Well, it's raining today - and probably tomorrow. That means many other things can be done while the net(s) have to stay closed, like shopping and sheaves of waiting paperwork. On the horizon is the prospect of some spring migration, both inbound and outbound but there is some much needed habitat management to do before then. [For habitat management read 'cutting down the trees and shrubs alongside the netting areas to a height to match the extended nets in order to stop the birds going over the top'.]
|The 'singing' Camellia (Feb. 2015)|
It's now 23 days since my last blog and the preponderence of some species has changed quite noticeably during that time. The birds that have become more numerous are, in particular, the Chaffinch and the Greenfinch. After a slow mid-winter, the colder weather to the north of us seems to have pushed the birds south at last. It also brought many more House Sparrows, Robins and Pied Wagtails to the bird-table and the closest lawn, all in search of a 'hand-out' to keep them in good shape during the frosty period that has existed for much of the time since my last blog.
Back to the Camellia. Oblivious to the squabbling Blackbirds (male v male and female v female) going on below or the combative Robins charging from the bird table to the shed roof above, a small, unobtrusive bird warblers a quiet song from the depths of the evergreen bush. It is the emboldened, 'rising five' Blackcap that has snuck across from the bottom hedge, where he normally gives a far superior rendition of his signature tune. He is endeavouring to irritate his younger fellow Blackcap that warbles against him from the side hedge every morning. What worries both of them, I suspect, is the fact that the third male doesn't join in and the lone, virgin female takes no notice of either of them (so far)!
Here is the sum of my on-and-off efforts since last time. Additional retrapped individuals in brackets.
Collared Dove - 1
Goldcrest - 1
Blue Tit - 2 (2)
Great Tit - 4 (1); beginning to show signs of a brood patch (BP1)
Long-tailed Tit - 4 (3)
Blackcap - 2 (2); new 2CY male & female plus a December 1CY male and the male now in his 5th calendar year.
Wren - (1)
Starling - 2; makes 5 this year - a garden 'rarity'
Blackbird - 6 (8); an influx, plus what looks like 4 local pairs, inc. 2 females with BP1
Robin - 5 (7); again, a sudden influx and some quite small birds among them. No BPs.
Dunnock - 4 (8); it amazes me where they all come from/hide! I had no less than 58 last year.
House Sparrow - 4 (12); still managing to ring new birds (138 new last year)
Chaffinch - 11 (1); even split between the sexes
Bullfinch - 1 (1)
Greenfinch - 6; mainly birds with longer wing-lengths than we are used to suggests these were migrants
Goldfinch - 27 (25)
Siskin - 3 (2)
Of the 179 handlings, 83 were new birds and 73 were already ringed. 23 birds, or less, were caught, therefore, more than once.

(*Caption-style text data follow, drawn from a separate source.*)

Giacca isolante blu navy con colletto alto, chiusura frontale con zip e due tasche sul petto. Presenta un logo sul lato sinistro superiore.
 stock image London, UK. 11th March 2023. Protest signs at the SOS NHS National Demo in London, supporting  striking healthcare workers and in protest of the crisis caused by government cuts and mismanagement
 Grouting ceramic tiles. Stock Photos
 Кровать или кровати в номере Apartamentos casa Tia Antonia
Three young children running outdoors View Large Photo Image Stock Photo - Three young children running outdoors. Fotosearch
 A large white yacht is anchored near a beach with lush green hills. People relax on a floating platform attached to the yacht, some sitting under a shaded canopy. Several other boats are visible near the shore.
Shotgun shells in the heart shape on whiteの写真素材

Come the spring equinox (in another 4 weeks), I will stop feeding suet pellets, soaked sultanas and dried mealworms and just put out mixed millet and SFH during the summer. By then, the fruit trees may be in flower and the Ivy berries at their ripest. This is usually the time that we say 'good-bye' to the Blackcaps and 'hello' to the Chiffchaffs. A cold snap may make me change my mind about what I feed, however. We are already noticing an increase in amphibian and insect abundance and the grass is trying to grow where we have walked it flat between the back door and the nets.